Your objective: Nothing but the lines below from the one holding "happy cute little" up to and including the one holding "Pink French press-on" should be copied, exactly and without pictures.

Material for the task:
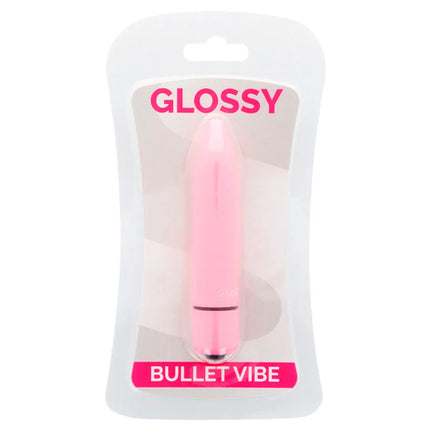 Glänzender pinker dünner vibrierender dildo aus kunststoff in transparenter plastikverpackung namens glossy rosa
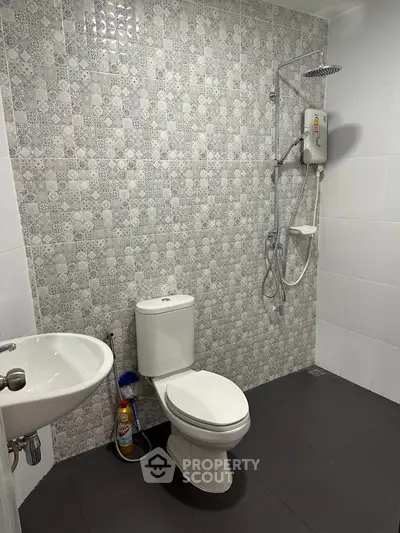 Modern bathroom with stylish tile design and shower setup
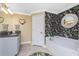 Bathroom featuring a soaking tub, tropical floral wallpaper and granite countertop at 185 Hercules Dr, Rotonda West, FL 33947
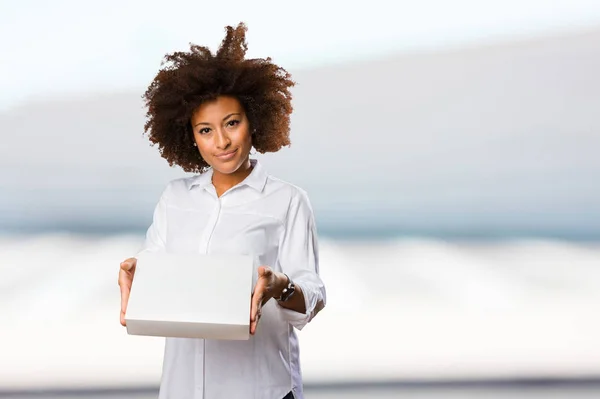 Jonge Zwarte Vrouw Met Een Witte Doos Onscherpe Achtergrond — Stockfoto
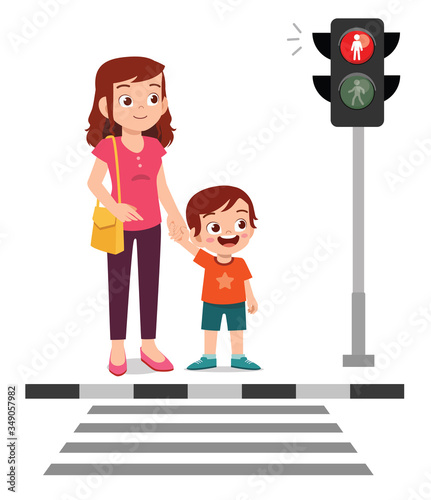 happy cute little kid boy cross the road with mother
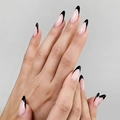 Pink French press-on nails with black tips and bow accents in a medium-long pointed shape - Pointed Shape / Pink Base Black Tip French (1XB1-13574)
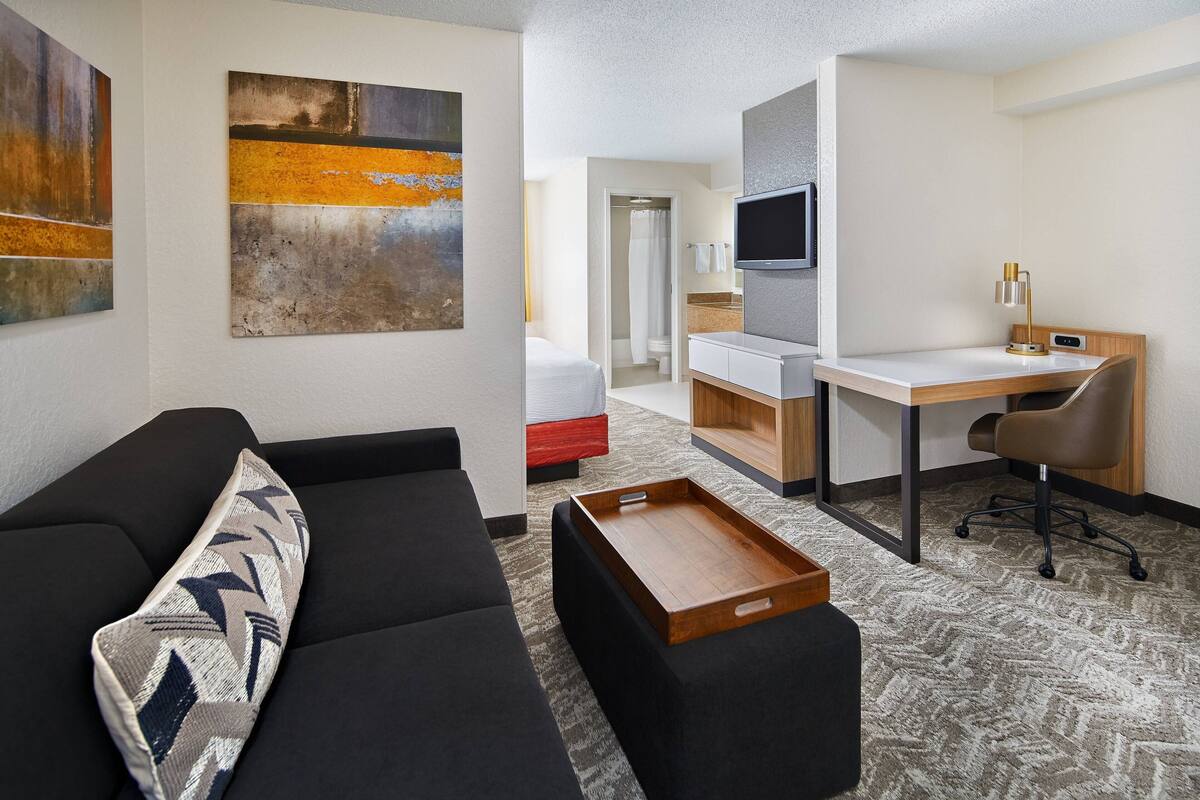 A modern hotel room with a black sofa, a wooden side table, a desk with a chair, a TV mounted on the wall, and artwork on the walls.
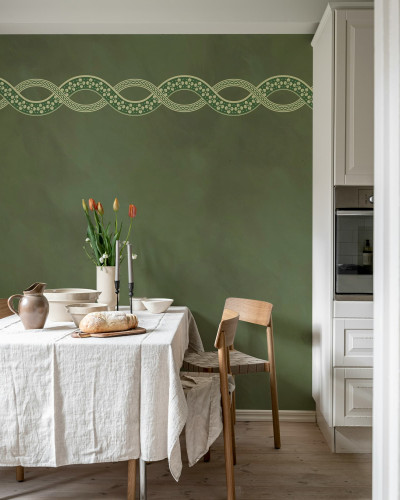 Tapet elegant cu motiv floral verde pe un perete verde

...

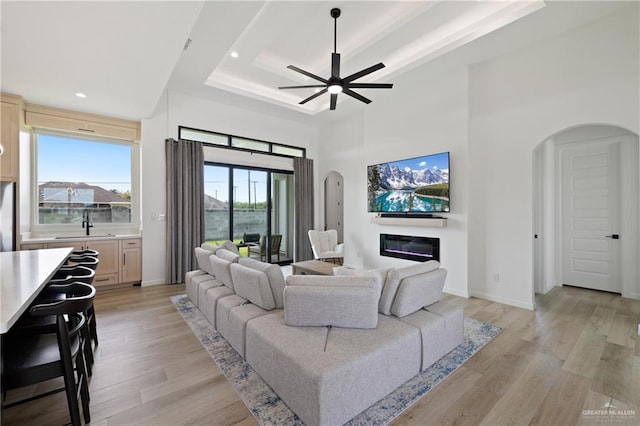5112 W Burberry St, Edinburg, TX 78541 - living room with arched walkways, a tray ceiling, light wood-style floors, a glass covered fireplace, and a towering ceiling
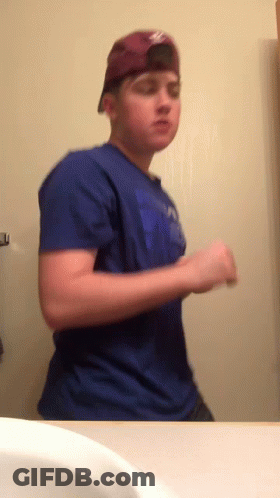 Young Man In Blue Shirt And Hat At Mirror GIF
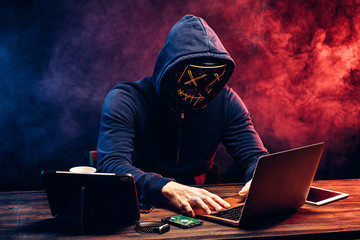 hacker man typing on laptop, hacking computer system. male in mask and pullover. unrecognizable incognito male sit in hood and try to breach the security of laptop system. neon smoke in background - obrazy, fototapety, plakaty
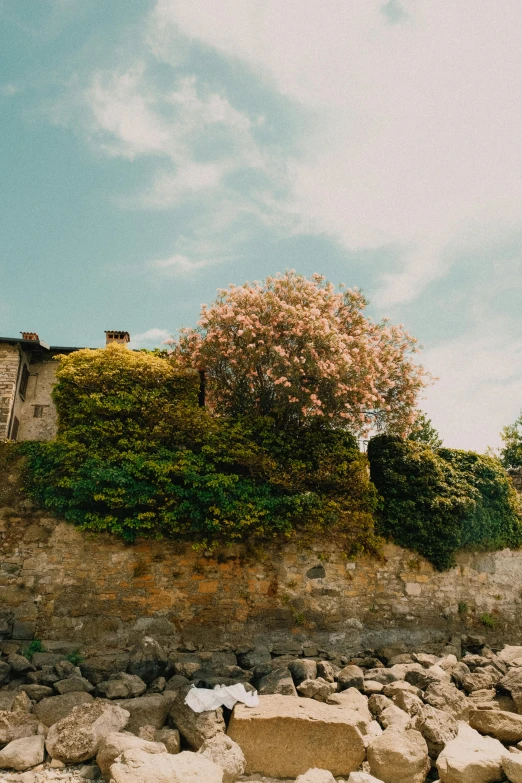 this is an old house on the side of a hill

---

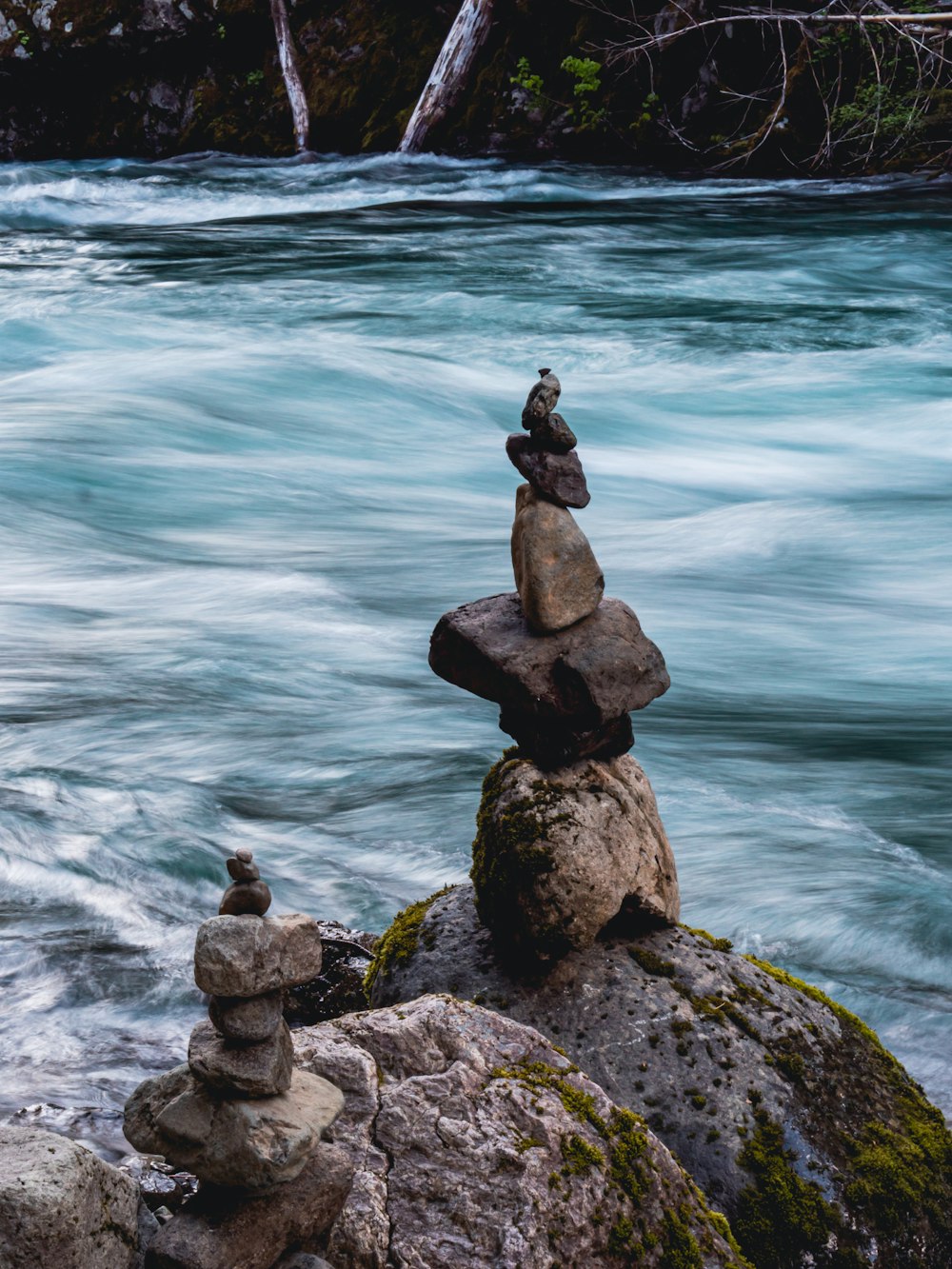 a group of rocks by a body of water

Output:
 happy cute little kid boy cross the road with mother
 Pink French press-on nails with black tips and bow accents in a medium-long pointed shape - Pointed Shape / Pink Base Black Tip French (1XB1-13574)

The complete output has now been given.